Mats Andersson to Receive Lifetime Achievement Award

“The need for long-term investment has never been greater than it is today,” says the AP4 chief.

Mats Andersson, AP4, at Cop-21Mats Andersson speaks at COP-21 in DecemberAP4’s departing CEO Mats Andersson is to receive the Lifetime Achievement Award at CIO’s European Innovation Awards in June.

The award recognizes Andersson’s leadership of the Swedish public fund and his contribution to international projects on sustainable investment and climate change. Angelien Kemna, chief investment risk officer at Dutch fund APG, was the inaugural recipient of the award last year.

Andersson announced at the start of this month that he was stepping down from Sweden’s largest public pension after 10 years at the helm.

When he joined in 2006, AP4 had SEK 180 billion ($22 billion) under management and was the smallest of the four main AP funds that back Sweden’s state pension system. Despite double-digit returns in 2003, 2004, and 2005, the fund was a perennial underperformer compared to its benchmark and sister funds. Politicians began probing the fund’s management and strategy.
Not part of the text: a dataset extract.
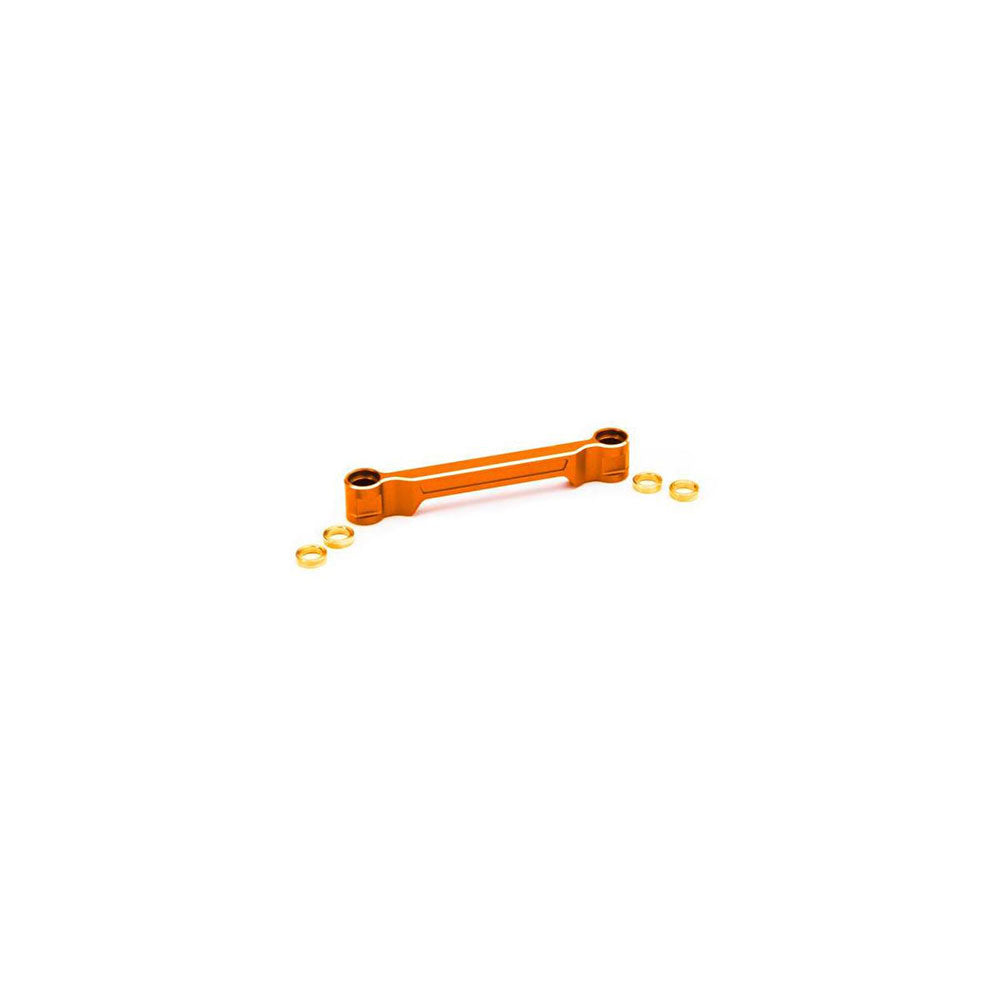 TRAXXAS STEERING DRAGLINK ALUM ORNG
Want the latest institutional investment industry
news and insights? Sign up for CIO newsletters.

“Climate change investing is not about charity or good public relations, it’s about dealing with risks. If you do that properly you will enhance your returns in the long term.”Enter Mats Andersson in December 2006, a former Deutsche Bank investment banker and AP3 portfolio manager. More than a year later and it was clear this was not going to be an easy fix: the global financial crisis had begun to take hold and the fund once again underperformed. With an honesty typical of many Swedish investors, Andersson summed up his first full year in charge as “very tough” in the 2007 annual report.

In 2008, he brought in Magnus Eriksson, a former colleague at AP3, as CIO, among a raft of new appointments. In 2010, Andersson declared that he wanted the portfolio to become the biggest of the AP funds—many doubted his ability to achieve this ambitious goal.
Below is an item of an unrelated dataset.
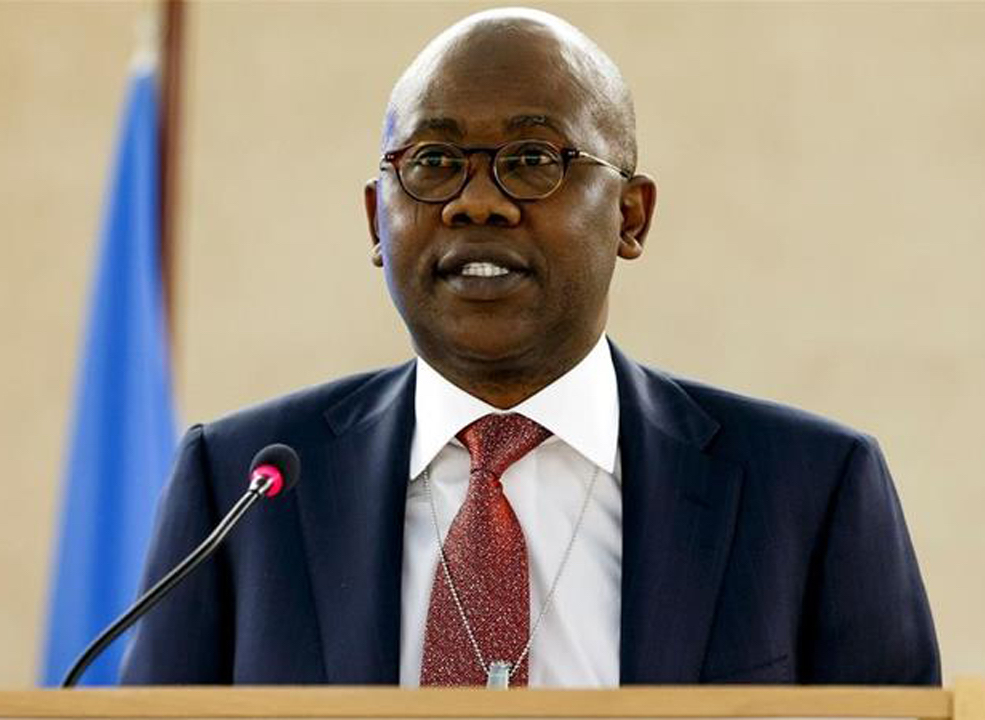 Mohammed Adoke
They deployed a new investment strategy, aided in 2012 by a revised long-term strategic mandate from the fund’s board.

Last year, true to the CEO’s aim, AP4 became the largest of the quartet with more than SEK 310 billion under management. It has outperformed its benchmark seven years in a row.

Andersson declines to take much credit for this remarkable turnaround. “I have always stressed that I have never run one penny. It is really down to my super colleagues—and they are still here.”
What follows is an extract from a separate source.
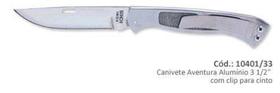 Canivete Bianchi Aventura Alumínio 3 1/2"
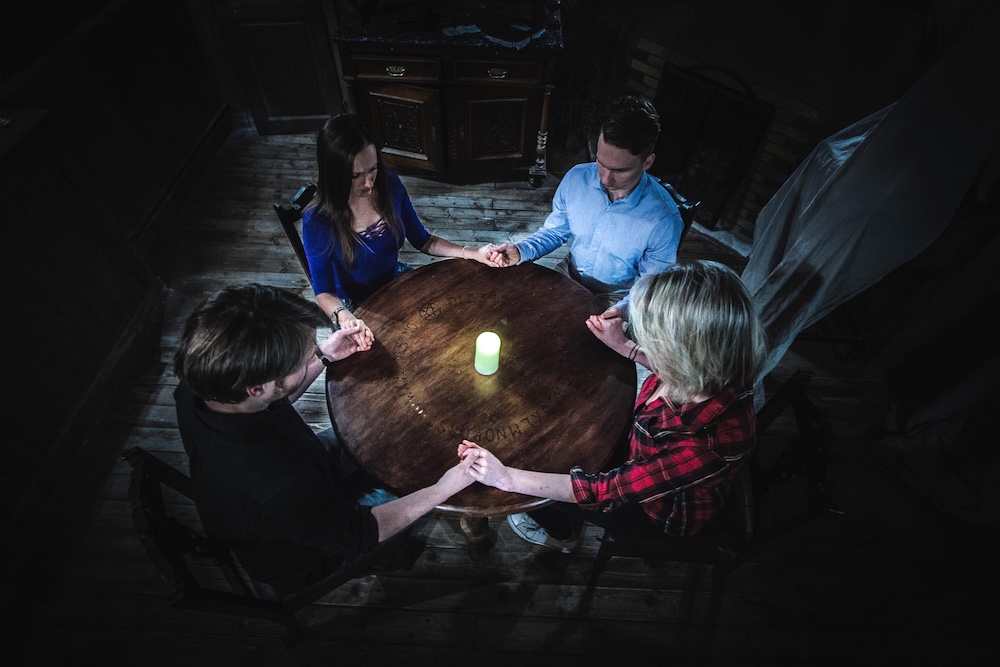 The Chamber – Haunted House [Review]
“The need for long-term investment has never been greater than it is today,” Andersson adds. “My view is that pension funds by their nature are very long term, but on the asset side they are evaluated on a yearly basis—that is a conundrum for me.”

Long-term investment means taking positions such as the fund’s “huge home bias” in its equity allocation. While Sweden’s equity market is often more volatile than others from one year to the next, it has outperformed both the MSCI Europe and MSCI World indexes over 10 years.

“It’s a tragedy that many pension funds don’t have the possibility [of a long term mandate],” Andersson says, adding that impending European regulations such as Solvency II could put up further barriers to strategic investing.

Long-termism has also aided AP4’s—and Andersson’s—work on climate change risk management. In September 2014, Andersson was a co-founder of the Portfolio Decarbonization Coalition (PDC) in conjunction with other asset owners, managers, and the United Nations, which aimed to cut the carbon footprint of pension assets.

“We set the target of $100 billion of pension capital to be decarbonized by COP-21,” Andersson recalls. As the climate change conference in Paris loomed large, Andersson says he found himself “preparing a speech to explain why $45 billion or $50 billion was good enough.”

However, when he stood up in front of delegates—alongside former US Vice President Al Gore and former New York City Mayor Michael Bloomberg—at the beginning of December last year, the $100 billion target had been hit. Six times over.

“I could never have imagined this five years ago,” Andersson says. Talking then to pension funds about risks, asset owners would list various measures of investment volatility. “On climate change, nothing.”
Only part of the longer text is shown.